Mommyhood

Mommyhood // Am I ready for more?

Yesterday was a whirlwind.  I ran errands with Mr. G much earlier than we would normally do, a dinner invite that I had no idea about until the last minute.  But in between these things, I babysat.  I think the last time I baby sat was about 6 years ago.  However, this was one of my best friends and her little girl is adorable.
She texted me last week and asked me if I wanted to see what it was like to have two kids.  I said sure!

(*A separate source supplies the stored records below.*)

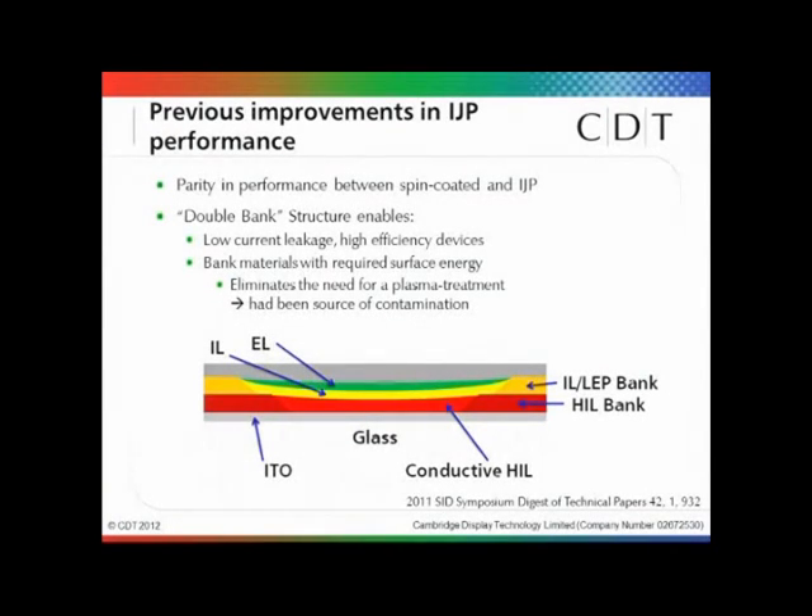Last year at SID, the team presented that we've now achieved parity in performance between spin-coated test cells and inkjet printed test devices. The way we've done this is to utilize what we're calling the double bank substrate structure. This includes two banks: a first bank which contains the HIL, and then a second bank on top which is used to contain the interlayer and LEP. The important feature of this double bank structure is that it prevents shorts between the corner of the HIL and the cathode, which had previously created a leakage path of current and reduced the efficiency of our devices.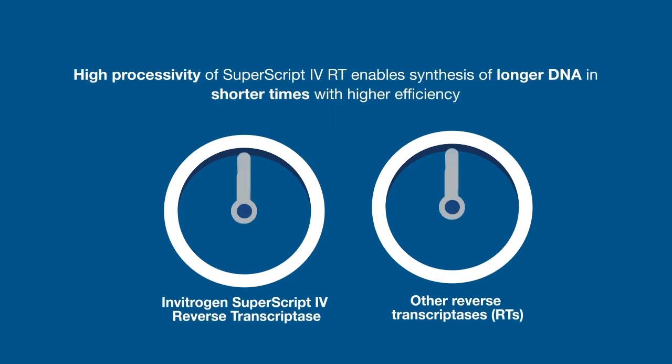which measures the number of nucleotides added in a single binding event. Highly processive enzymes like SuperScript 4 reverse transcriptase enable synthesis of longer cDNA in as little as 10 minutes.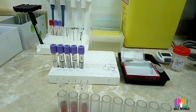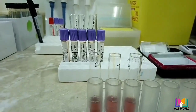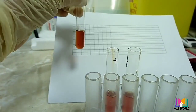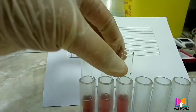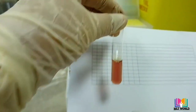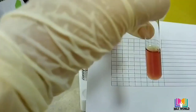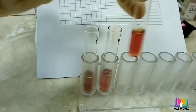The sickling test is reported as simply negative or positive. For more details, we will perform HB electrophoresis, which will tell us the percentage of sickle cells present in the body. We use this paper to read and record the results of positive control, negative control, and patient sample.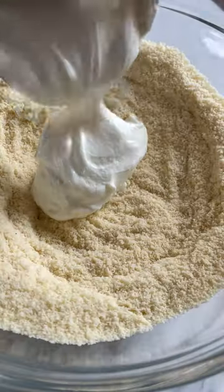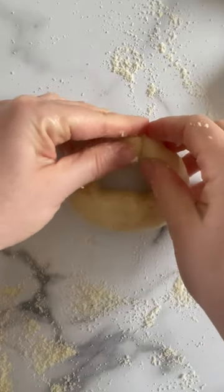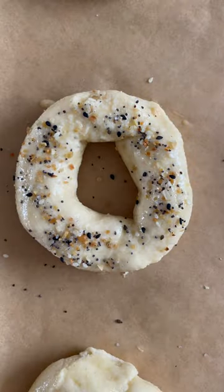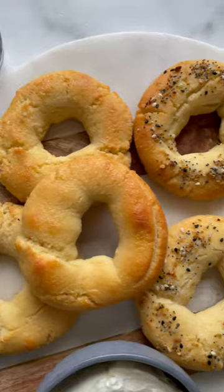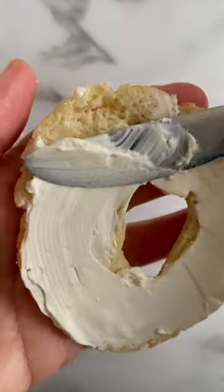These almond flour Greek yogurt bagels contain 14 grams of protein, are low carb, gluten free, and easy to make with six ingredients. My advice is to always add the topping before baking and let them cool off before slicing. As for texture, they taste like bread and are delicious.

It was a day off from the studio and of course I wanted to help her out.  I was also excited about the prospect of test driving this mommy of two thing.

I knew it wouldn’t be easy, babies are not easy, but I was ready for the challenge.  Hubs and I have been toying with the idea of having another little one but nothing definite.  He grew up with a younger sister, very close in age, and I grew up with a brother much older than me.  We always knew we wanted more than one but never really new for sure until Mr. G came along.

Before I had Mr. G I was gung-ho about having 3 kids, maybe 4.  After Mr. G?  Oh no, not after that experience.  He was a wonderful baby but even the easiest babies are hard work.  Then there was the whole postpartum depression deal.  Now add in toddler? I don’t know!
When Mr. G was about 3 months old we thought I could have been pregnant again and I lost my mind.  At that time in my life, there was no room for even entertaining the idea of more than one.  Now, I’m seeing all these babies and pregnancy announcements in my Facebook feed and I keep thinking, yeah maybe I AM ready.

I’m not really sure if Mr. Tibbs could handle another little brother or sister!

Now I’ve done the test drive and I still don’t know.  I don’t think you can ever be truly ready, well unless you’re like Angelina Jolie I suppose.  Or the Duggars…

All in all, it was a good experience and my friend’s little girl is ridiculously cute and a very good baby.  Mr. G did wonderfully and was incredibly sweet with her too.  I was so proud of my little buddy!  But am I ready for my own number 2?  I have no idea.  I let you know if and/or when the good Lord chooses to give us one!

When did you know you were, or were not, ready for another wee one?